Short descriptive text snippets:
※
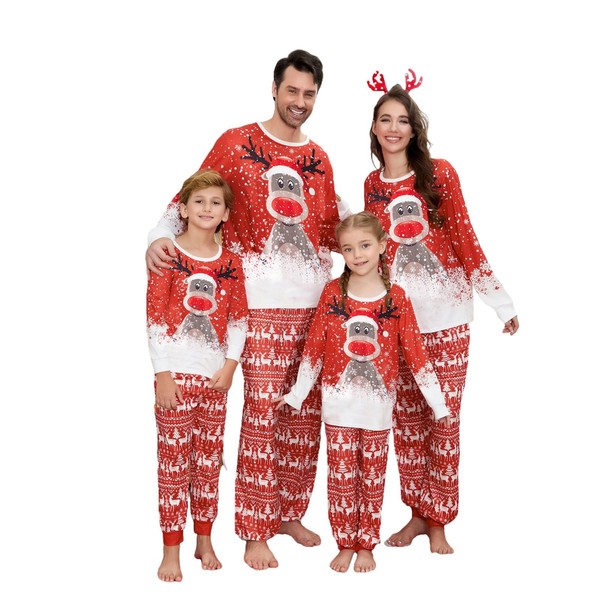 Urkutoba Matching Family Pajamas Sets Christmas Pajama Christmas Family Pajamas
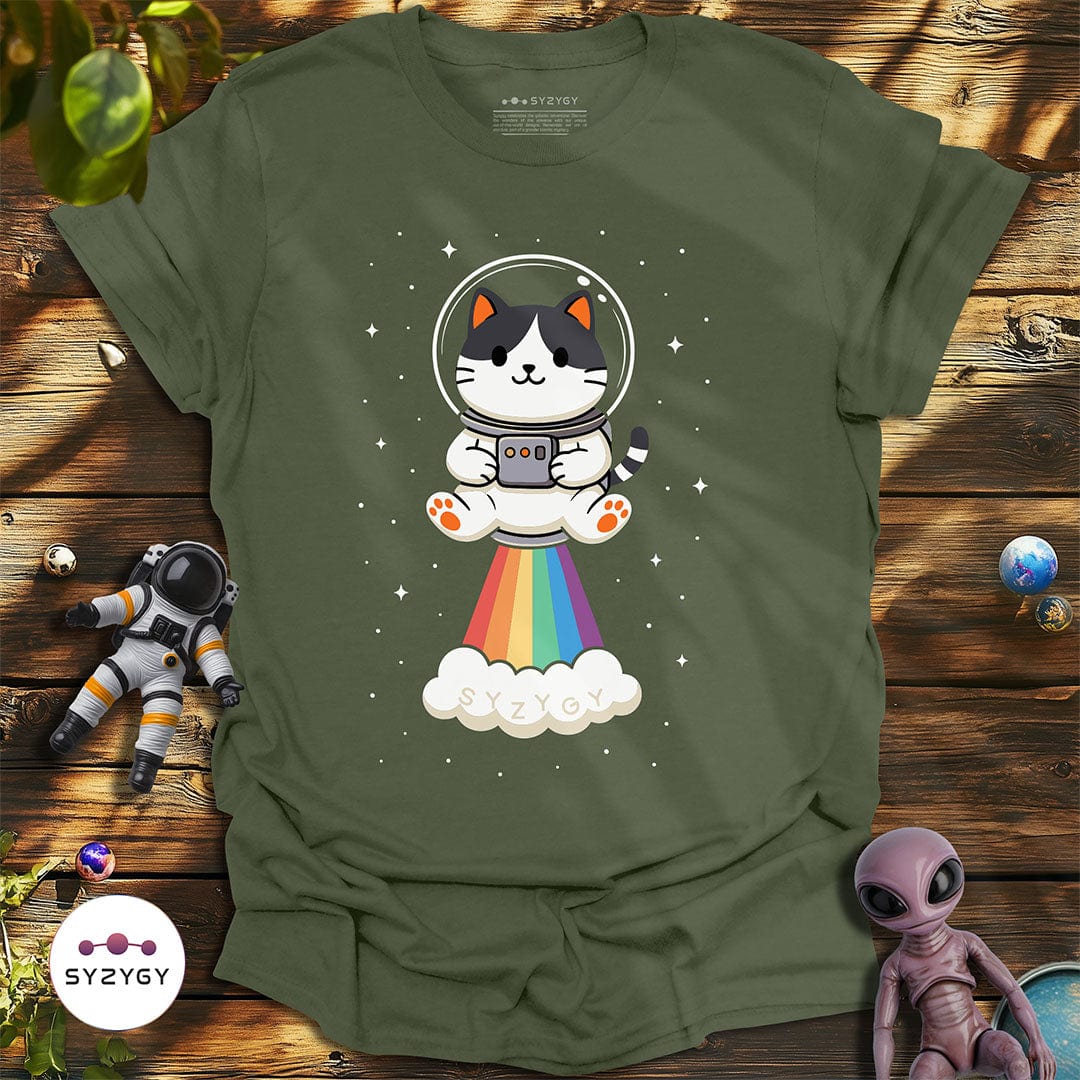 Syzygy Supply T-Shirt Military Green / S Nebula Nyan T-shirt Space Aliens UFO Apparel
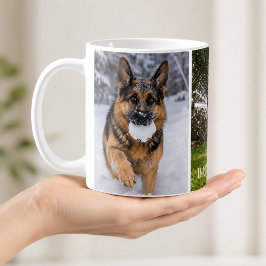 Caneca De Café Nome da Foto do Pastor Alemão GSD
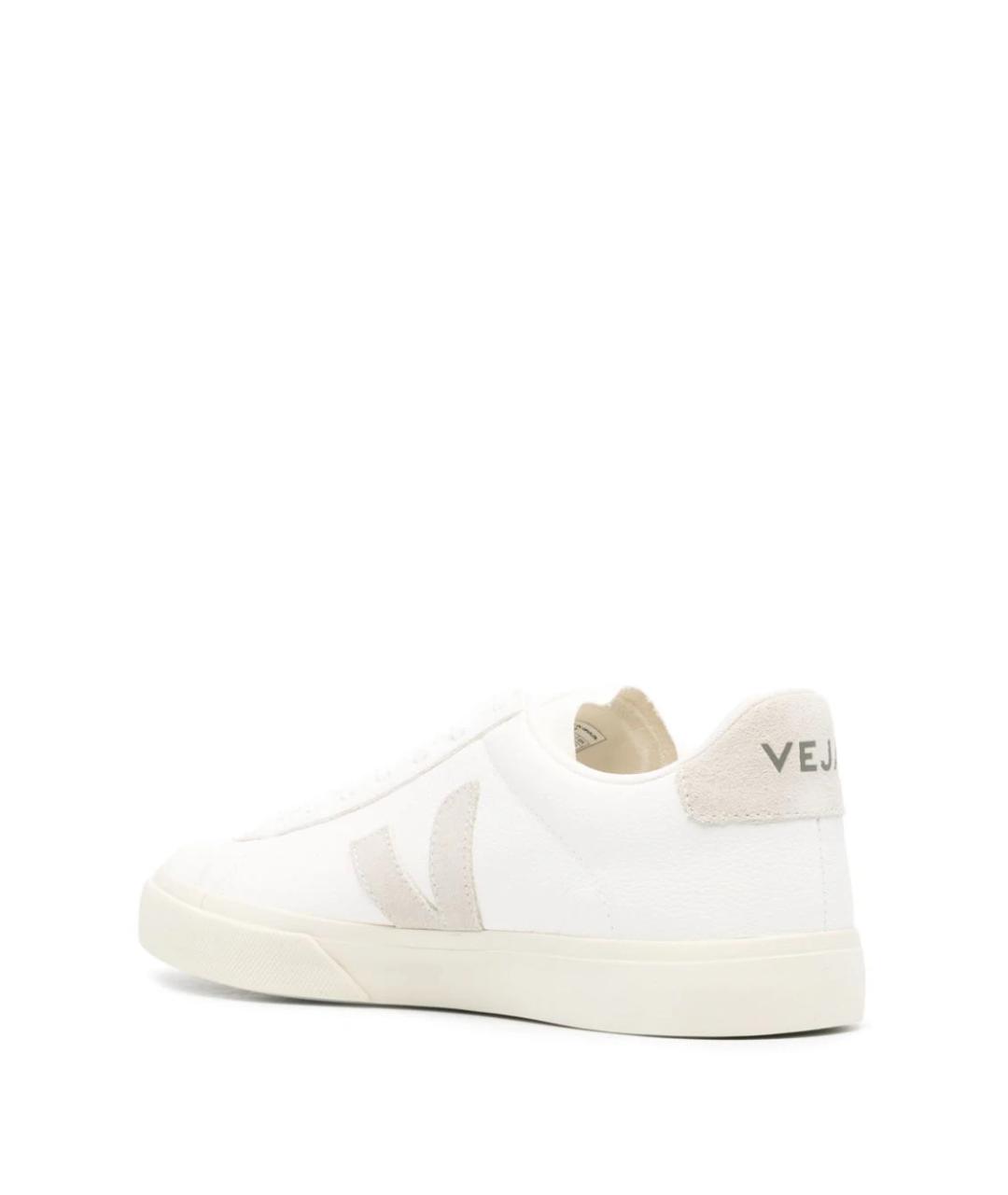 VEJA Белые кожаные низкие кроссовки / кеды, фото 3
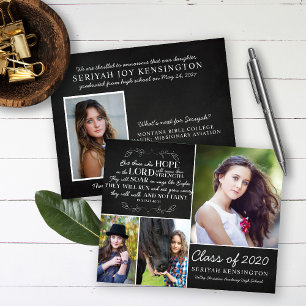 Lámina Graduación de presupuesto Christian Isaiah 40 Foto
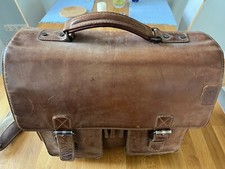 Freiherr von Maltzahn Leder Aktentasche Lehrertasche groß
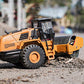 Gemini&Genius Road Roller Truck Toy - 1/50 Scale Metal Grader Vehicle, Asphalt Drum Compactor for Kids, Play or Display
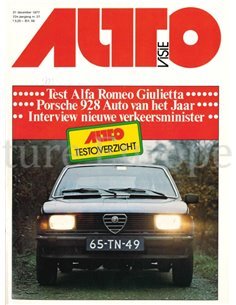 1977 AUTOVISIE MAGAZINE 27 DUTCH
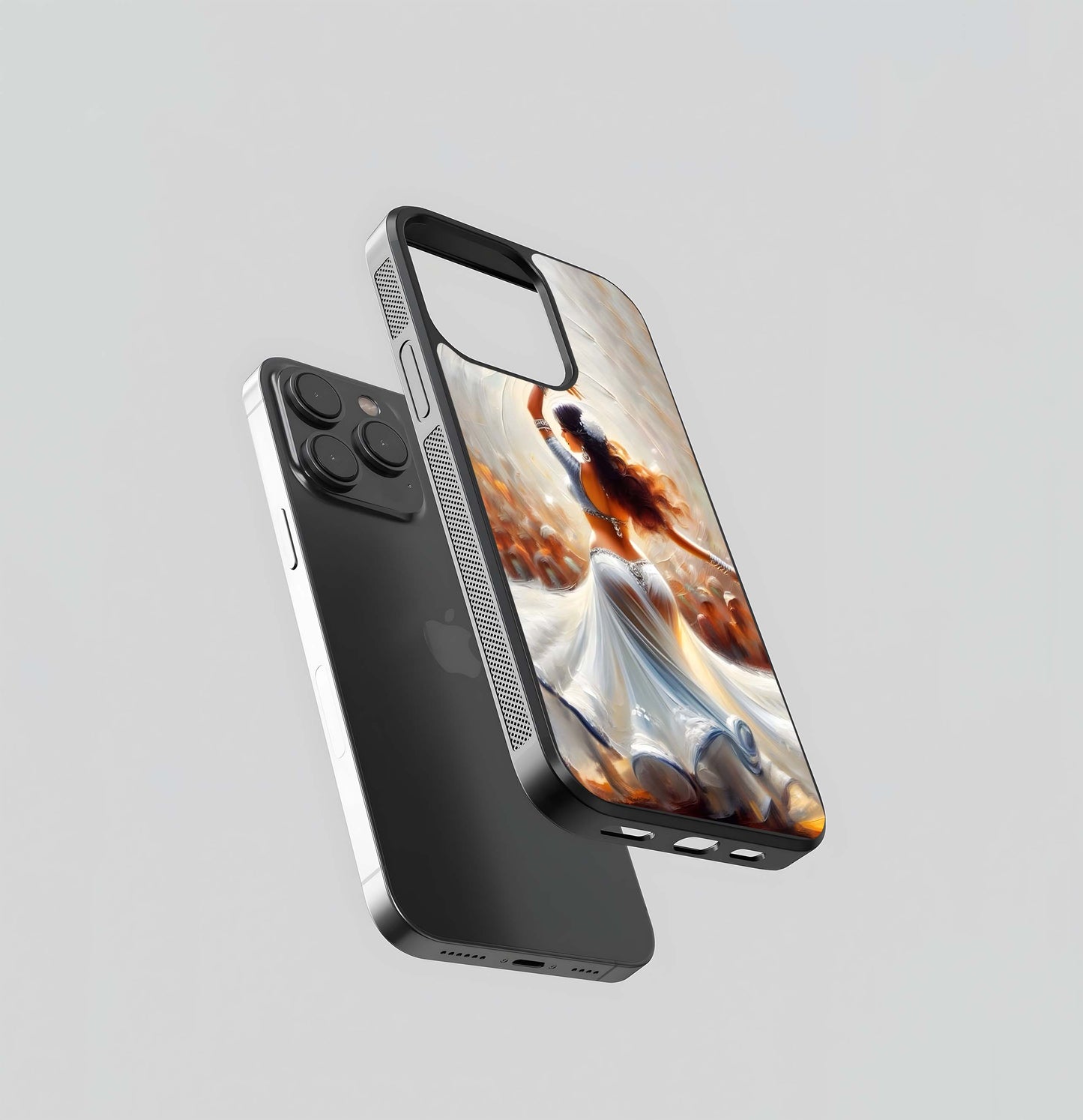 Watercolor Belly Dancer Glass Case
※
WHAT NEEDS TO BE DONE: Leave the images aside and transcribe all entries exactly.

OUTPUT OF THE EXERCISE:
 Urkutoba Matching Family Pajamas Sets Christmas Pajama Christmas Family Pajamas
 Syzygy Supply T-Shirt Military Green / S Nebula Nyan T-shirt Space Aliens UFO Apparel
 Caneca De Café Nome da Foto do Pastor Alemão GSD
 VEJA Белые кожаные низкие кроссовки / кеды, фото 3
 Lámina Graduación de presupuesto Christian Isaiah 40 Foto
 Freiherr von Maltzahn Leder Aktentasche Lehrertasche groß
 Gemini&Genius Road Roller Truck Toy - 1/50 Scale Metal Grader Vehicle, Asphalt Drum Compactor for Kids, Play or Display
 1977 AUTOVISIE MAGAZINE 27 DUTCH
 Watercolor Belly Dancer Glass Case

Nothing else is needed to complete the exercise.